Stock Finance has long been considered one of the most difficult types of working capital finance to deliver to small, expanding businesses. Finance for stock exists in a number of forms, none of which seem to fit the requirements of a growing number of UK businesses. Existing stock finance providers are located at either of two extremes. At one end of the spectrum, institutional lenders advance funds on the basis of strong security, very low risk and low margin, and at the other end, smaller niche providers lend funds on a template of weak security, very high risk and high margin.

Trade Finance is not Stock Finance

At the low-risk end, there is Trade Finance which has been around for as long as there has been the exchange of goods for cash. In the modern financial marketplace, Trade Finance is effectively an exchange of documents, and Trade Financiers are often considered to be taking Bank risk rather than product risk. Trade Finance involves finished goods or commodities, large businesses, big transaction sizes, standard documentation, very low risk, and relatively low margin.

There are also some low risk Stock Finance facilities provided by Asset Based Lenders, who will provide funds secured on unencumbered stock at up to around 30% LTV. This sort of finance is seldom useful to rapidly growing businesses as it leaves a gap on inbound stock purchasing that’s too big to fill from cashflow, so this type of finance is usually used as a way of raising working capital for other purposes, rather than specifically for the purchase of new stock to fulfil a growing order book.

What about new Financial Technologies?

At the other end of the risk scale are the new breed of Fin-tech lenders who provide facilities of up to a few hundred thousand pounds in the form of unsecured business loans. These loans are used by some borrowers to buy stock, but they are not stock loans, they are term loans. They are often unsuited to smaller but rapidly growing businesses as once these loan funds are spent on stock, they do not revolve in line with the stock trading cycle. The funds can be used once but that’s it because the liquidity provided by the loan is quickly lost in general cashflow.

A changing landscape

A key trigger for the launch of STP was the removal of credit limits by suppliers that many UK SMEs have found themselves experiencing. UK businesses have for many years benefitted from some level of credit from their overseas suppliers, but such credit is nowhere near as common as it once was and many suppliers are insisting on deposit payments before goods are even manufactured, with payment in full generally expected prior to shipment.

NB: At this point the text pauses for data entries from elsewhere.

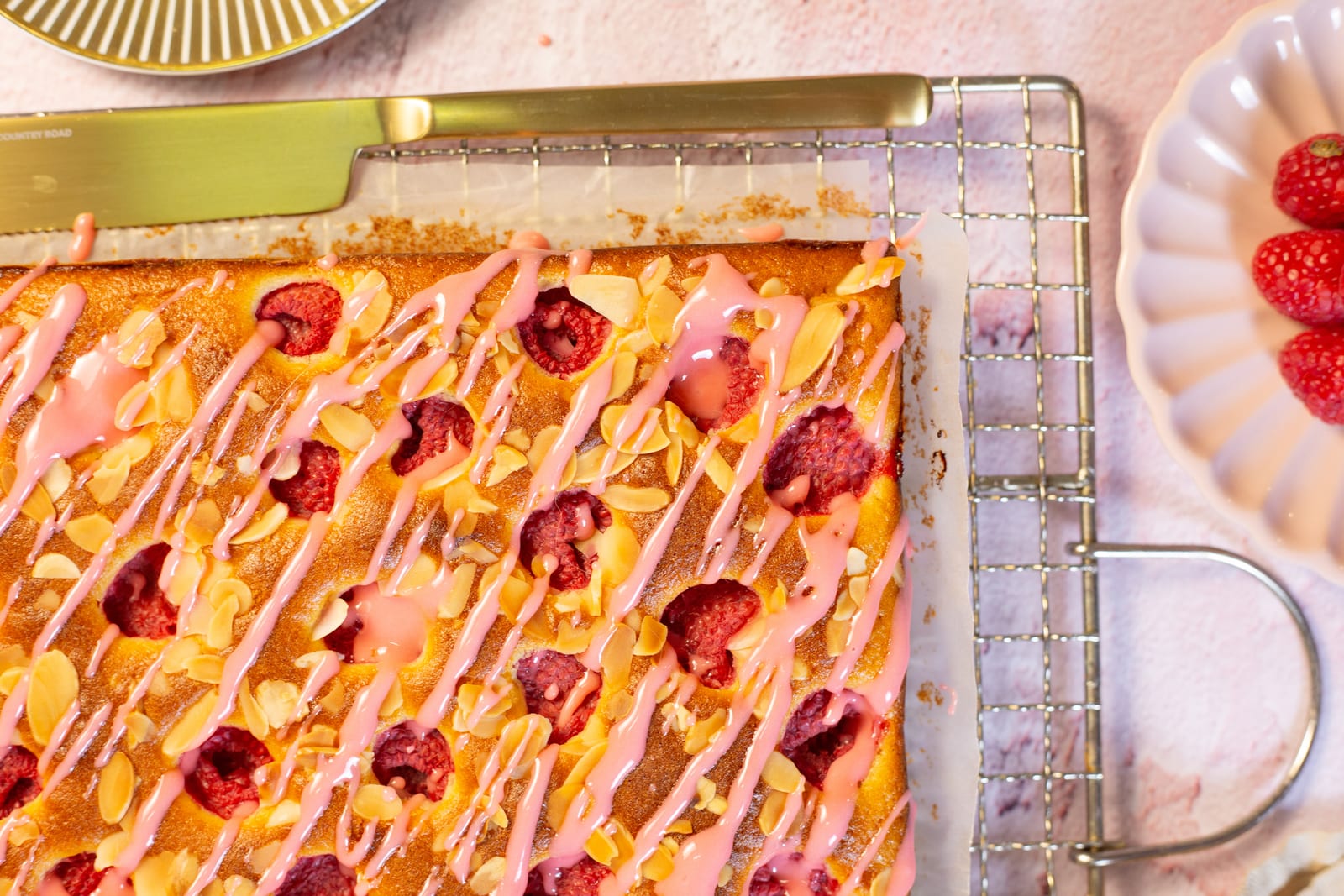 The drizzled snack cake on a wire rack, with a gold knife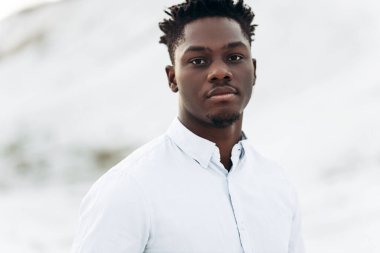 Beyaz gömlekli, şık, şık, Afro-Amerikan bir adamın portresi. Dağın arka planında poz veren şık bir adam.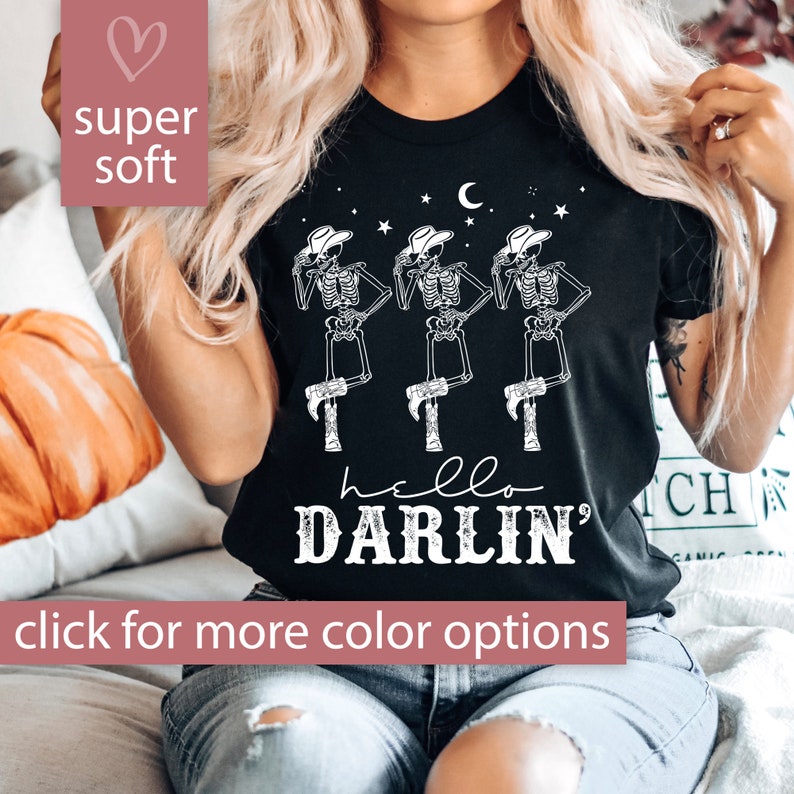 May include: Black t-shirt with a white graphic of three skeletons wearing cowboy hats and boots. The text "hello darlin'" is printed below the skeletons.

STP puts stock purchasing power in the hands of smaller growing businesses that have a growing sales pipeline but cannot obtain credit from suppliers.

So, if there is demand for 100% stock funding in the marketplace, why has that demand not already been satisfied? Why is there a shortage of dedicated Stock funders in the UK?

The answer is simple. Stock funding is difficult.

Providing 100% LTV stock funding in a low-risk way requires a thorough knowledge of UK trading laws. It is operationally intensive, it requires flexibility and it demands constant vigilance and discipline.

In order to benefit from Retention of Title-based (“ROT”) security, stock funders must insert themselves in the supply chain. This means paying supplier invoices directly and reinvoicing the goods onto their client. That creates a lot of paperwork, and where the stock is made up of goods that are not finished, ROT is quickly lost.

Stock funders are forced to accept a weaker security position than most other secured lenders, even if the stock funder holds a debenture over their client’s business. This is because stock funders only ever benefit from a floating charge over the stock they fund, unlike invoice financiers for example, who under UK insolvency law hold a fixed charge over the book debts of a business.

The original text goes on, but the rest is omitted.